Takes an average of 10 minutes

CT scans take image slices of bone, tissue and blood vessels to assess cancers and emergency situations. Common conditions diagnosed with a CT scan are trauma injuries, brain injuries, infection, lung cancer, tumors, stroke, and vascular diseases.



Takes an average of 45 minutes to 1 hour

MRIs create 3D images of soft tissue. Common conditions diagnosed with an MRI are multiple sclerosis, internal bleeding, tendon injuries, joint issues, prostate cancer, female pelvic issues, dementia, and tumors.




Takes an average of 30 minutes to 1 hour

Ultrasounds create pictures of soft tissue, blood flow and their movements. Common conditions diagnosed and uses of an ultrasound are heart attack causes, heart disease, biopsy guidance, prenatal issues, blood clots, and blood flow issues.


PET Scan

Takes an average of 1.5 hours to 2 hours

PET scans capture organ and tissue activity. Common conditions diagnosed with a PET scan are Alzheimer's disease, epilepsy, Parkinson's disease, and other memory issues.
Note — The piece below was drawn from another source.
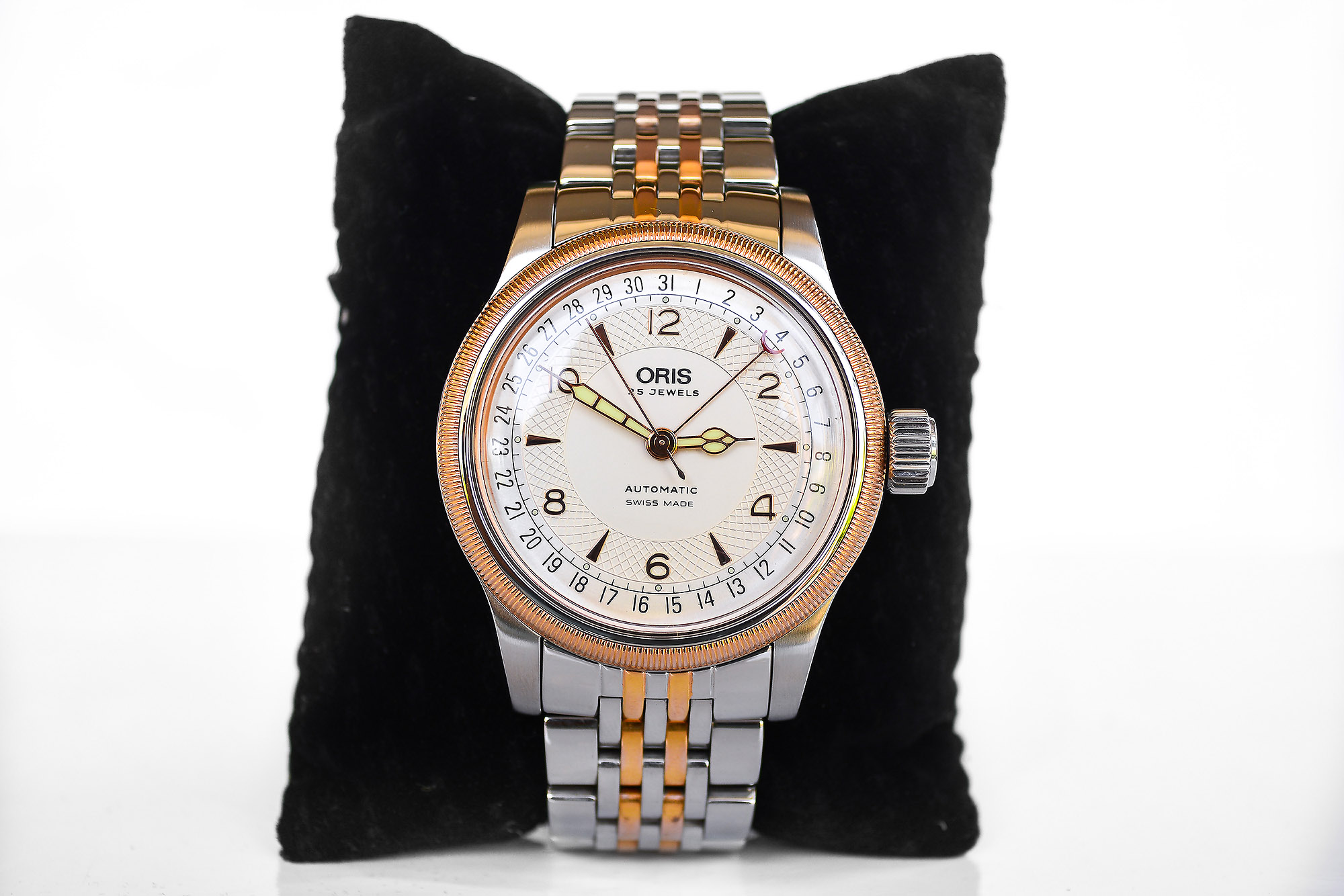 Oris BC King size 2 tone วันที่กล้ามปู (sold)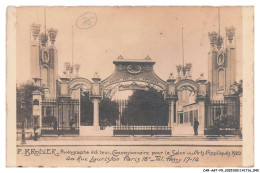 Delcampe - CAR-AGTP9-0417-75 - P-prodier - Photographe éditeur - Concessionnaire Pour Le Salon Des Arts Appliqués - Autres Monuments, édifices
What are the most popular imaging specialties for soon-to-be imaging professionals?

Great question! According to the Pima Medical Institute the top five radiography specialties are: CT (computed tomography), MRI, (magnetic resonance imaging), Bone Densitometry, Mammography, and Nuclear Medicine. Ultrasound modalities are also very in demand.


Why are these the most popular imaging specialties? 

Often, the most popular modalities become an aspiring imaging professional's choice, because of the wide breadth of opportunities available to them. These specialties can often be applied to a variety of different settings, including hospitals and outpatient centers. It's also common for imaging professionals to specialize in several different modalities too. There's never a dull moment!